Did you miss out on Black Hat 25 or got stuck in the business hall? Don’t worry, I’m going to summarize some of what I thought were the most important takeaways from BlackHat 25 briefings. As always there is an endless list of talks, events, tool showcases, and of course corporate sponsored partying. Below is a compiled list of some of the trends and more interesting talks we found at Back Hat 25.

Chris Kerbs - Source BlackHat 25

Source control, a new target for supply chain attacks

Recent years have seen a dramatic rise in software supply chain attacks. From Solarwinds to Codecov. It is then little surprise that briefings on supply chain attacks were prominent in this year's Black Hat event. A lot of the technical briefings on the supply chain attacks this year focus on the role of developer accounts from code repositories and beyond.

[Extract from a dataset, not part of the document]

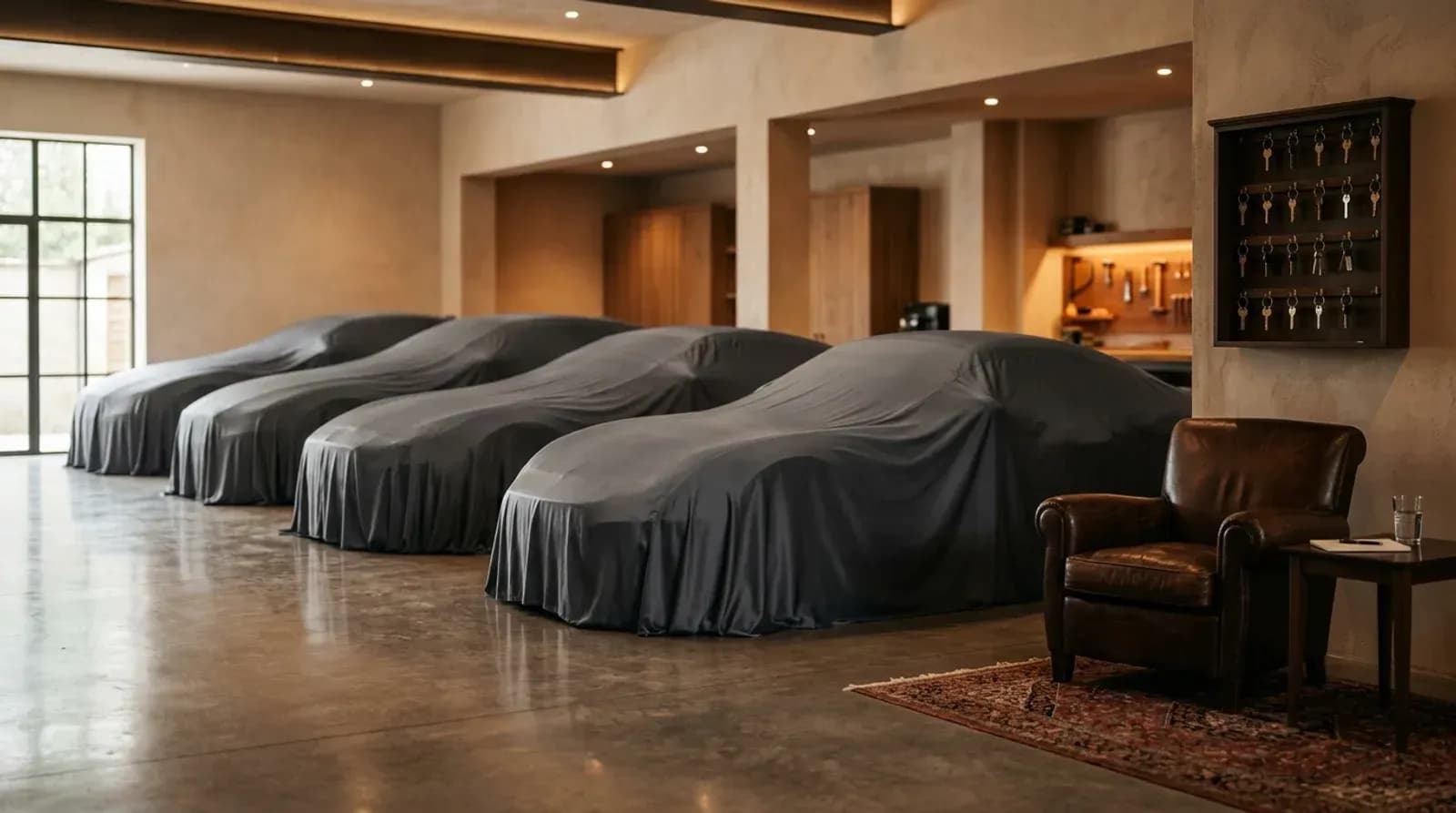 Luxury cars under fitted covers in a private garage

“Why do adversaries target the software supply chain? Because that's where the access is!” Chris Kerbs

In one such briefing “RCE-as-a-Service: Lessons Learned from 5 Years of Real-World CI/CD Pipeline Compromise” speakers Viktor Gazdag and Iain Smart from NCC discussed some real-world examples of compromising organizations through their CI/CD pipelines. CI/CD (Continuous Integration and Continuous Delivery) is common in DevOps practice to test, build and deploy applications. Compromising the CI/CD pipeline can mean you control the build and deployment process. Developers are often granted too high privileges relating to the CI/CD environments or miss configurations that make it easy for an attacker to elevate their privileges.

“Assume that every developer is malicious or compromised” Iain Smart

The presenters of this talk were able to show multiple real-life examples where they were able to conduct attacks from a developer account by elevating their privileges and taking advantage of common misconfigurations to perform admin-level tasks and ultimately take over the CI/CD environment. This included loading in external malicious packages to trick the pipeline to give them admin credentials or simply access production environment credentials by replacing DEV with PROD and printing environment variables to screen.

“Anyone that was a dev could get full access to production accounts” Iain Smart

But this theme ran in many other presentations. Brett Hawkins, Adversary Simulation Researcher, IBM X-Force Red, had two presentations at Black Hat focusing on his new tool called SCMKit. This tool and related presentations showed how you can attack SCM tools like GitHub Enterprise, GitLab Enterprise, and Bitbucket Server using hijacked credentials. Why is this so significant? If you can control the source code you can control not just the application, but its complete pipeline: testing, building, and deployment.

“I wanted to bring more attention to securing these systems, Black Hat is the perfect place to do this.” Brett Hawkins, Adversary Simulation Researcher

The toolkit Hawkins released automated a large amount of the manual tasks an attacker would need to do to be able to achieve a takeover of these systems. Those steps included reconnaissance, which allows exploration of repositories or code, and privilege escalation, which could allow users to elevate accounts under their control to the admin level. There’s also a module for persistence or the use of personal access tokens or SSH keys to maintain access to the compromised SCM system.

“I wanted to create a tool that could interface with the APIs of the source code management systems” Brett Hawkins, Adversary Simulation Researcher

This theme of targeting developer tooling and accounts to launch a supply chain attack was a core focus across many briefings and showed not just the need to secure code repositories and other tools but also showed a clear trend in where supply chain attack scenarios are heading.

AI (Artificial Intelligence) tools are more A than I

Black Hat 25 also took a look at the role of AI and ML in cyber security. There has been a lot of hype about the role of AI in cybersecurity as a possible way to ease the skill shortage and gain a significant upper hand against adversaries. This hype has been largely vendor-driven, but many security researchers and prominent voices at Black Hat were quick to shut down the role AI may have in security.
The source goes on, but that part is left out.